CASO
D'INNOCENZO: SCARCERATO BENEDETTO
Gazzetta di Caserta, 06 gennaio 2012
Il tribunale del riesame accoglie le richieste dei difensori,
gli avvocati Carlo De Stavola e Pierfrancesco
Lugnano, e rimette in libertà Benedetto D'Innocenzo.
Per l’indagato resta solo l’obbligo di firma. Rimesso
in libertà anche il commercialista di Formia,
Francesco Brocco.
Per lui il tribunale del riesame, non ha disposto alcun
obbligo. Passa, quindi, totalmente, la linea proposta dai difensori che, nelle
scorse settimane, avevano già ottenuto la scarcerazione di Ilde
Marciello, nuora di Benedetto D’Innocenzo, accusata
di appropriazione indebita. Secondo l’accusa, la famiglia di Benedetto, aveva
messo in piedi un sistema per “cannibalizzare" le aziende.
L’operazione condusse a sette misure cautelari, di cui
quattro ordinanze di custodia in carcere, due ai domiciliari e un obbligo di
dimora, più altre 31 persone denunciate. In azione la squadra
mobile di Firenze a conclusione delle indagini dirette dalla Dda del capoluogo toscano, che interrompe l’attività di un
gruppo criminale capeggiato da persone legate a clan camorristici
infiltratisi in Toscana.
Sequestrati beni per oltre 9 milioni di euro.
Alcuni dei reati contestati sono, a vario titolo, estorsione aggravata dal
metodo mafioso, tentata corruzione e riciclaggio, ma anche reati societari
compiuti attraverso il sistematico uso della forza e della intimidazione.
I destinatari delle misure restrittive, emesse dal gip
di Firenze su disposizione del pm Pietro Suchan, sono risultati tutti legati ai
clan Ligato, Russo e Bardellino. L'organizzazione criminale era
“specializzata” principalmente nell’acquisizione di aziende
in crisi: dopo l’offerta iniziale di sostegni economici, il gruppo ne assorbiva
completamente la gestione anche attraverso violenze e minacce, poi ne
“cannibalizzava" gestione, patrimonio e contabilità.
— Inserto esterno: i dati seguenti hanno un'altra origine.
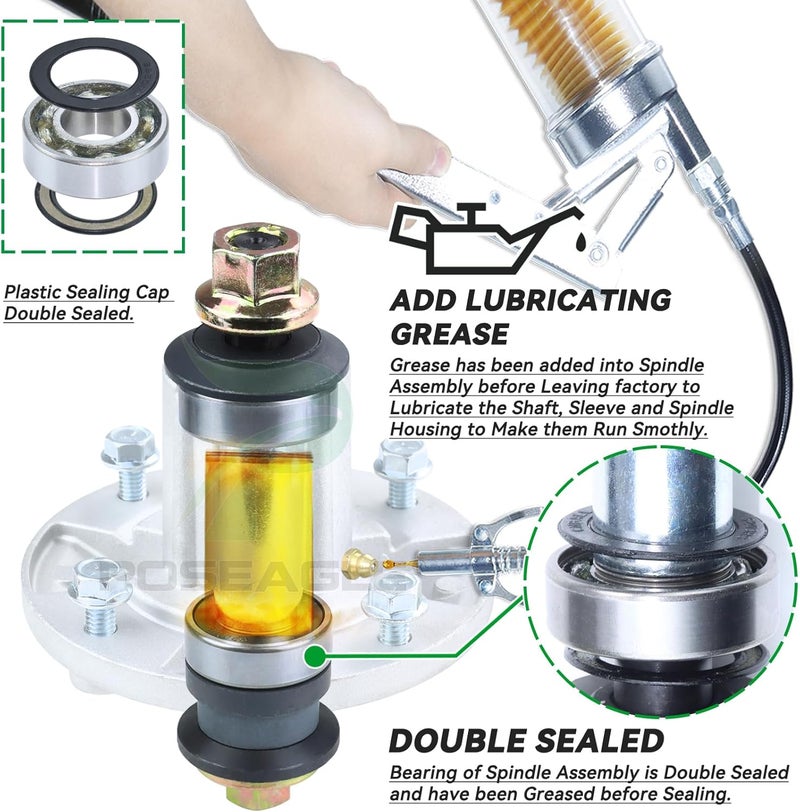 POSEAGLE 3 Pack Pre-Greased AM136733 Spindle Assembly with M155979 Spindle Pulley Replace AM143469 AM137097 GX20335 for John Deere X300 X300R X304 X310 X324 Z225 Z245 EZtrak Zero Turn Mowers - Image 4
E’ quanto accaduto ad un imprenditore di Castelfiorentino (Fi) che
nell’0ttobre del 2009 denunciò alla polizia un colpo
d'arma da fuoco esploso sulla portiera della sua auto. Grazie alla sua denuncia
iniziarono le indagini. Durante la deposizione emerse che l’uomo d’affari,
alcuni mesi prima, aveva accettato l’aiuto finanziario della famiglia D’Innocenzo,
padre e figlio, i quali avevano guadagnato una certa notorietà nel panorama
sportivo delle gare di rally automobilistici, in particolare nel Centro e nel Sud Italia.
Le indagini hanno fatto emergere che la contabilità delle
società acquisite veniva gestita quasi completamente
“al nero”. L’evasione fiscale - la
guardia di finanza ha accertato un evasione per 20 milioni
di euro - era basata sulla costituzione di società “cartiere", istituite
quasi solo per emettere fatture false a beneficio di aziende del settore
tessile, le quali, a loro volta, le contabilizzavano generando così falsi
crediti di imposta impiegati poi per il pagamento dei tributi attraverso
l’istituto della compensazione.
Le società erano intestate a prestanomi
e che per questo compito percepivano dagli 800 ai 1.500 euro al
mese. Il gruppo criminale, insediatosi in Toscana nella metà degli anni ‘80,
era capeggiato da Benedetto D’Innocenzo e dal figlio Diocrate, originari di Caserta, entrambi con domicilio a Quarrata (Prato) e finiti in manette. Tutte accuse che la
difesa contesta in toto e che ora sembra avere anche
il supporto del Tribunale del riesame che ha scarcerato Benedetto D’Innocenzo, Marciello e Brocco.